Whole genome amplification of the embryos was performed using the PEPLI-g Midi Kit (Qiagen). Briefly, embryos were transferred into PCR tubes containing reconstituted buffer D2 (7 μL), and then incubated at 65°C for 10 min, before the addition of Stop solution (3.5 μL) and MDA master mix (40 μL) and incubation at 30°C for 8 h. The DNA preparation was diluted with ddH2O (3:100), and 1 μL of the diluted DNA was used for PCR analysis.

Whole-exome sequencing, data processing, and off-target analysis

The exome was captured using the 50 Mb SureSelectXT Human All Exon V5 kit (Agilent). The enriched exome was sequenced on Illumina HiSeq 2000 PE100 as paired-end 100 bp reads, which were aligned to the human reference genome (UCSC, hg19) by means of BWA with default parameters (v0.7.5a) (Li and Durbin, 2010). Samtools (v0.1.19, http://samtools.sourceforge.net) and Picard tools (version 1.102, http://picard.sourceforge.net) were used to build indices and remove duplicates. Local realignment around indels (RealignerTargetCreator, IndelRealigner) and base score recalibration (BaseRecalibrator) were applied by GATK (The Genome Analysis ToolKit, version 3.1-1) (McKenna et al., 2010) to ensure accuracy in identifying indels and single nucleotide variants (SNVs). GATK HaplotypeCaller and Samtools were used to call variants for six samples and the union variants of both obtained by CombineVariants were then divided into indels and SNVs by SelectVariants.

We first excluded indels and SNVs located outside of exon regions following annotation by ANNVAR based on RefSeq gene models (hg19) (Wang et al., 2010). A total of 7463 indels and 188,078 SNVs passed this filter. Next, indels and SNVs with more than two reads were retained by VariantFiltration and Python, discarding low-quality and unlikely indels (8.99%) and SNVs (5.91%).
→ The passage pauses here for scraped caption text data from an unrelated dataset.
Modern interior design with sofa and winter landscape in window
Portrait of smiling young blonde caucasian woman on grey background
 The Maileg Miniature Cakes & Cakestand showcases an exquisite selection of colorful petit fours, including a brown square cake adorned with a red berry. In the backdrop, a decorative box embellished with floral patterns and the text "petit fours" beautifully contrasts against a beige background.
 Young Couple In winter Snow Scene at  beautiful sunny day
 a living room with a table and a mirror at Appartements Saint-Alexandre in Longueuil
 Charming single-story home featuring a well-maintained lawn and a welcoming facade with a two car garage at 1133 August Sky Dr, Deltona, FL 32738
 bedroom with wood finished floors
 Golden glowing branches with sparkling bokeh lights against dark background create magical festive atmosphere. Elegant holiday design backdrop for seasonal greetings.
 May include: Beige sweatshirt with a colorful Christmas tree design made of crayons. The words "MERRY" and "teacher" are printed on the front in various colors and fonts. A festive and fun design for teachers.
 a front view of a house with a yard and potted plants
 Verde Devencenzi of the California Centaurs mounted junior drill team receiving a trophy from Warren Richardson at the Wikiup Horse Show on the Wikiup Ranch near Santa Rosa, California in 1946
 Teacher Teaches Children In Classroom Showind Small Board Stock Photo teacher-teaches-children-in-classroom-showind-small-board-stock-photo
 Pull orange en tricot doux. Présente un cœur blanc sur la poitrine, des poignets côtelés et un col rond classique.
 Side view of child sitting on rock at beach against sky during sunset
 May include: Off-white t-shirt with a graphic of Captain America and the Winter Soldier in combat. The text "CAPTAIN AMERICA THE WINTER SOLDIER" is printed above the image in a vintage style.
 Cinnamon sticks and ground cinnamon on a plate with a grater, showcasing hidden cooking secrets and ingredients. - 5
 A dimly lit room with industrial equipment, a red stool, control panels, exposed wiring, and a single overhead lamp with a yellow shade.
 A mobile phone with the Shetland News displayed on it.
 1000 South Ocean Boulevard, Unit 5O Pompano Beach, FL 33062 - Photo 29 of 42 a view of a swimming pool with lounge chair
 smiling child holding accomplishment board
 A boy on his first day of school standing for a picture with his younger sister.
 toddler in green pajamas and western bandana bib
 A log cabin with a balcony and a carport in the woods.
To avoid false positive calls that overlap with repeat sequences and/or include homopolymers (Bansal and Libiger, 2011), we removed indels and SNVs that overlapped with low-complexity regions as defined by RepeatMasker (UCSC Genome Browser) and filtered out indels and SNVs containing homopolymers (>7 bp) in the low-complexity flanking region (±100 bp), removing 55.58% of potential indels and 17.01% of potential SNVs. To more definitively assign indels, we searched the ±100 bp regions flanking the potential indel sites for potential off-target sites. Bowtie1 (version 0.12.8, http://bowtie-bio.sourceforge.net) was used to align gRNA sequences (20 bp) to the ±100 bp sequences, allowing for ≤6 mismatches or perfect match of the last 10 nt 3′ of the gRNA. Successfully aligned sites with an NRG PAM were deemed on/off-target sites. Of the 12 candidate indels identified by this analysis, there were ten on-target indels in all samples and two off-target indels in samples A and C. Candidate off-target sites were further confirmed by PCR and sequencing. The results are summarized in Table S2.